India Design Motifs

BY: SUN STAFF


Feb 04, 2011 — CANADA (SUN) — A study of the historical, spiritual and cultural elements of Vedic design.

Today we begin another new Feature series in the Sun India Design Motifs which will rotate along with our other current serial Features. We have a great appreciation for Vedic design in all forms: architecture, painting, sculpture, textile, etc., and while the Sun archives are full of past articles on Indian art, we have only scratched the surface of the content we would like to share with our readers.

This series will attempt to make a categorical study of motifs traditionally found in Vedic art, tracing them back to their earliest known historical appearances and to their spiritual roots.

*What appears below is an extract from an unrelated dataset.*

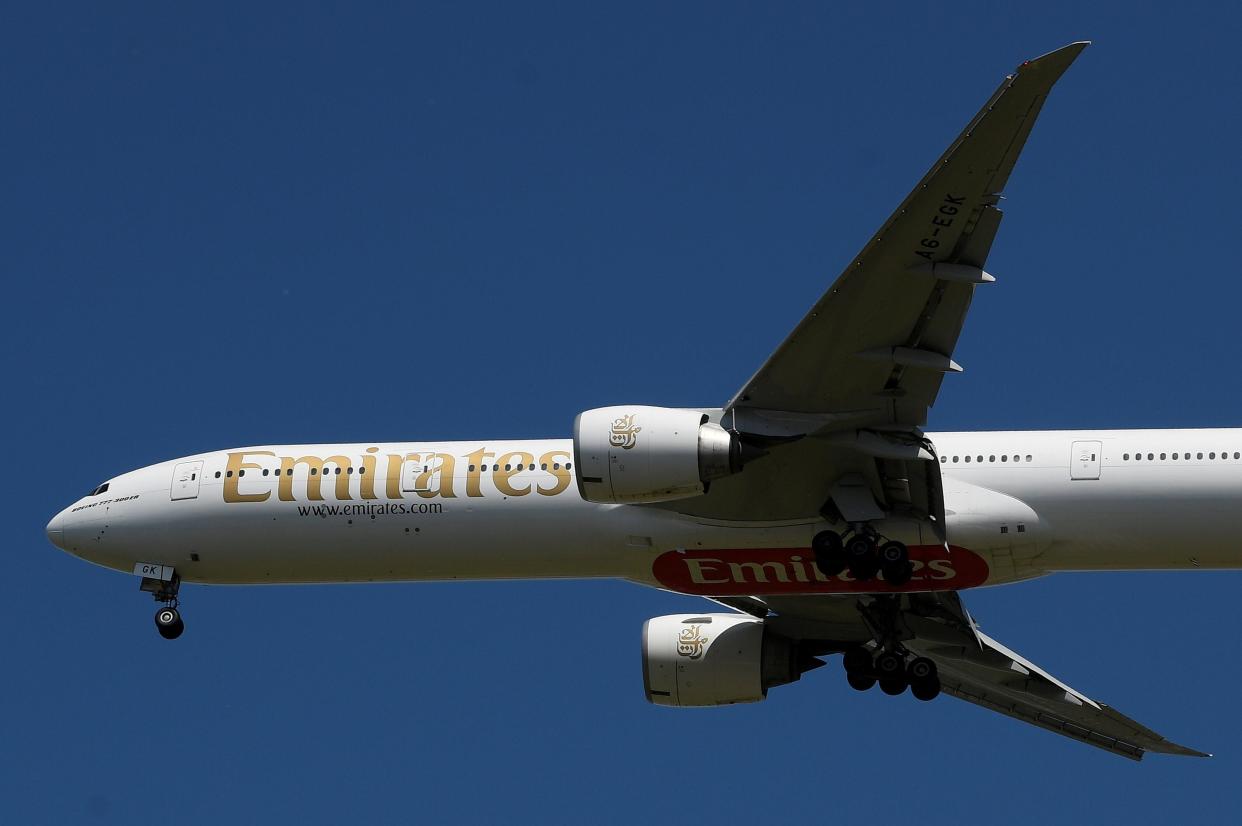 FILE PHOTO: An Emirates passenger plane comes in to land at Heathrow airport during the coronavirus pandemic, London, Britain, May 21, 2020. REUTERS/Toby Melville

The earliest examples of many stylized motifs can be found in temple art and deity iconography, and many designs are mentioned in sastra.

The 64 transcendental arts of Srimati Radharani, enumerated in Sri Brahma-samhita (Text 37 purport) include numerous skillful pursuits in which Radha employs traditional Vedic motifs, such as in the art of painting (alekhya), the art of applying or setting ornaments (bhusana-yojana), the art of kaucumara (kaucumara), or the art of needleworks and weaving (suci-vaya-karma).

Throughout sastra there are many descriptions of the artistic skills of Radha, Sri Krsna, and the gopis. Sri Krsna is famous for His supreme creativity of design in arts and crafts. He creates designs while braiding Radha's hair, or drawing artistic symbols on her face with musk, kunkuma, sandal paste, etc., and the gopis also ornament one another with such art.

Over the ages, the artists of Bharata have duplicated these sacred designs, which represent important spiritual elements found in sastra and religious practice, and the rendered motifs have been propagated over the ages in everything from textile designs to temple ornaments and deity paraphernalia. The ornamental styles of India are the most sophisticated in the world, and they have been incorporated into so many other cultural art forms, often without proper attribution.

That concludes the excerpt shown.